Alligator gar have a bad reputation in Texas: scaly, ornery, and ugly, they look like a creature straight from the Cretaceous Period. But one Florida man recently received nine months in prison for pulling four gar from the Trinity River and shipping them to Japan.

Loren Willis, 63, was sentenced to nine months in federal prison for his part in the scheme in a Lufkin courthouse Thursday by U. S. District Judge Ron Clark, according to Jessica Cooley of the Lufkin Daily News. He was prosecuted under the Lacey Act, a statute that makes a federal crime of any illegal import, export, or sale of protected wildlife. According to a criminal complaint filed, he sold the gar, live, to a customer in Tokyo, Japan, where a lucrative market for so-called “monster fish” exists.

Willis was busted as part of a nine month investigation by the Texas Parks and Wildlife Department and the U.S. Fish and WIldlife Service. Willis was ultimately caught when he attempted to buy thousands of baby gar from undercover agents in a sting operations. His two co-defendants pled guilty prior to trial.
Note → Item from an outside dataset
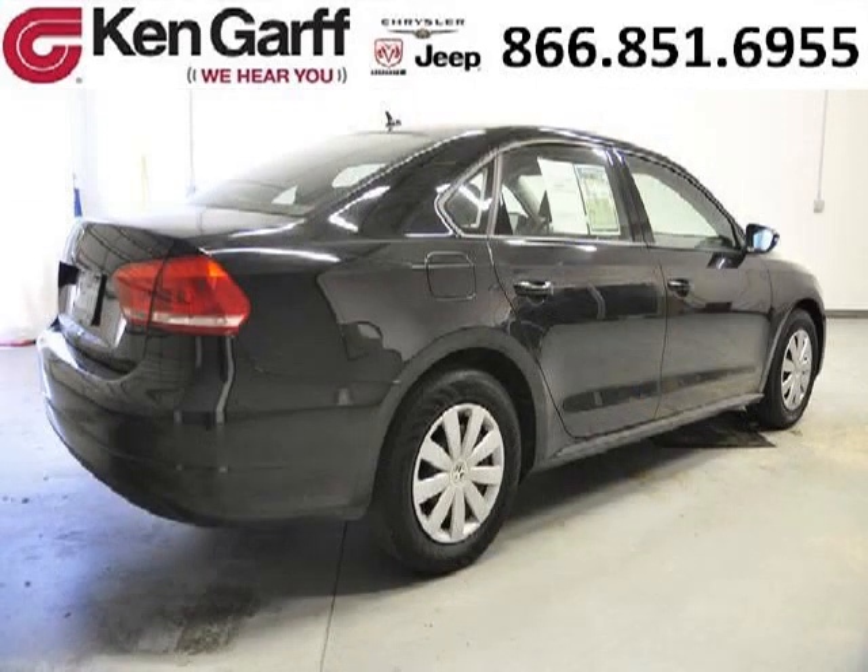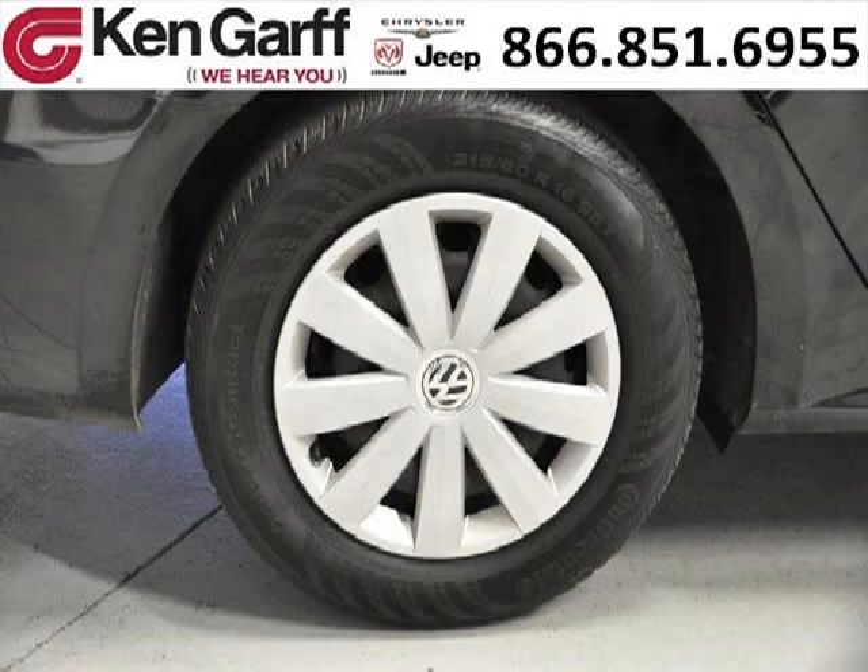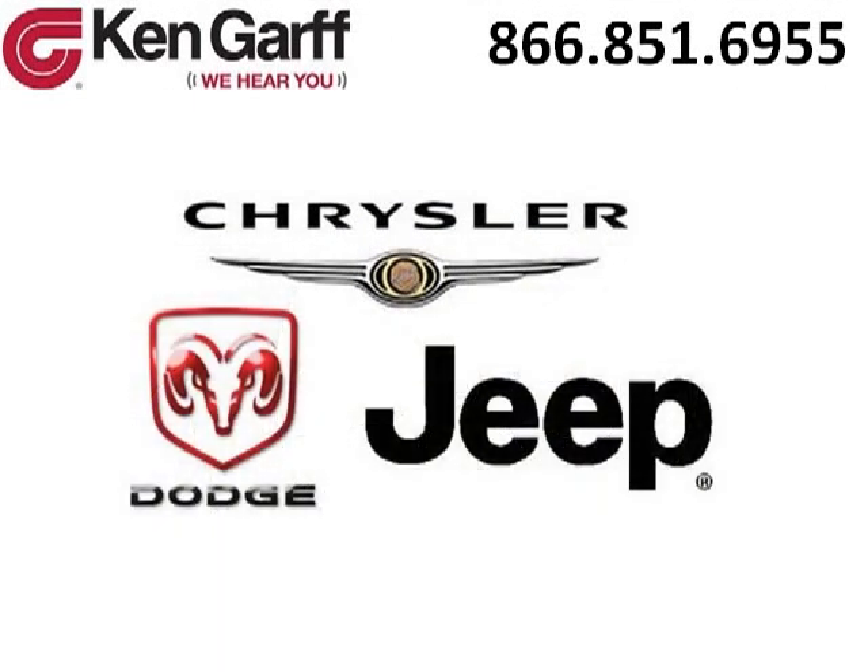The airbags and Dolby Stereo only make it more attractive. Low miles means it's fresh and ready to get out there. Come in today and take a look for yourself. Ken Garff Dodge Chrysler Jeep West Valley is the dealership for you, conveniently located in West Valley, Utah off of Route 171.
“One of our highest priorities is to investigate individuals and companies that are involved in the unlawful commercial trafficking and smuggling of our Nation’s fish and wildlife,” Special Agent in Charge Nicholas Chavez told the Lufkin Daily News. “The successful outcome of this investigation is also the result of working jointly with the Texas Parks and Wildlife Department to ensure the protection of a state protected species.”